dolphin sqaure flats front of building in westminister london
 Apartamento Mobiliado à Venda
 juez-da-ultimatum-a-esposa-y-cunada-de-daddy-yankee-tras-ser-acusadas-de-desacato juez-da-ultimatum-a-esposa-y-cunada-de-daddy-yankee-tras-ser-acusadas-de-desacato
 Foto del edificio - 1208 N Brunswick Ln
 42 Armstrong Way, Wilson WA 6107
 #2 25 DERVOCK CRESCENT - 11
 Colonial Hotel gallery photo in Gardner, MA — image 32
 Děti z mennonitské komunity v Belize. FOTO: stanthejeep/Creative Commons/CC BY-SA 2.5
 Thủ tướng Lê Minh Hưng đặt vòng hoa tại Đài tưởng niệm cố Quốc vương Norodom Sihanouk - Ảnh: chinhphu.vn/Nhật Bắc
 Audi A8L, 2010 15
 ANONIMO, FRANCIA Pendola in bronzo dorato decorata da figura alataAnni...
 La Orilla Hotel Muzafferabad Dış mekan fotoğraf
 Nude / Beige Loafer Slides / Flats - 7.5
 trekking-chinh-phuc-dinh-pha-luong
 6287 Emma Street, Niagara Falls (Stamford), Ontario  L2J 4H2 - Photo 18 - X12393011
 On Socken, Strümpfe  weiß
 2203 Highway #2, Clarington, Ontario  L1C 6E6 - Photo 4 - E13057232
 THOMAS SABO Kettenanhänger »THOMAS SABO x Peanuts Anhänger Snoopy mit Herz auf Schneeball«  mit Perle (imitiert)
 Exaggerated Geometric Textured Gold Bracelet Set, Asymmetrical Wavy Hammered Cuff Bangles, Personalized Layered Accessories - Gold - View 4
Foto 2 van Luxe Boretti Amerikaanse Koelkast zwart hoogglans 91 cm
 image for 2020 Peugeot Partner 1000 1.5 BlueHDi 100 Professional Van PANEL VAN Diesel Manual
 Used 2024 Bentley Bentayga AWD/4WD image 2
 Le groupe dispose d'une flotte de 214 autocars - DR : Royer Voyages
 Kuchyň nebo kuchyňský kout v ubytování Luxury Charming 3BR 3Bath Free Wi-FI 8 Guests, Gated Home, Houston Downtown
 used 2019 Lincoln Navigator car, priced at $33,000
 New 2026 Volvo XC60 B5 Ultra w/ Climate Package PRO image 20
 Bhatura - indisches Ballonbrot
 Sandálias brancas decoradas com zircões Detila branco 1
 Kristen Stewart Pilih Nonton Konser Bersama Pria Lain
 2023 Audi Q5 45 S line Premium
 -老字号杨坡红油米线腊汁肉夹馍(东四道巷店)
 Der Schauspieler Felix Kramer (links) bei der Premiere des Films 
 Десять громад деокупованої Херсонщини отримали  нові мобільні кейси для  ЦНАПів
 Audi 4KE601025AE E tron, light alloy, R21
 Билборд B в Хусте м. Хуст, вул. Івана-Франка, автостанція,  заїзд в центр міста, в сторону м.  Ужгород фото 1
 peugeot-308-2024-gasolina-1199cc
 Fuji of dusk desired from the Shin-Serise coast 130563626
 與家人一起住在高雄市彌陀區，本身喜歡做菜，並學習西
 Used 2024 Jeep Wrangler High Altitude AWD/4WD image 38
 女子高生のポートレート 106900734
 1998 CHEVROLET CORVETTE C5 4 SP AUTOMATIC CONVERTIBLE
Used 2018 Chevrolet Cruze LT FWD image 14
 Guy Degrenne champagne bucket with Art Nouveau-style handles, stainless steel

= = =

» **What to produce**
Output an exact copy of the lines beginning at the one that holds "Used 2018 Chevrolet Cruze LT FWD image 14" and running through the final line of the records.

» **Result of this task**
Used 2018 Chevrolet Cruze LT FWD image 14
 Guy Degrenne champagne bucket with Art Nouveau-style handles, stainless steel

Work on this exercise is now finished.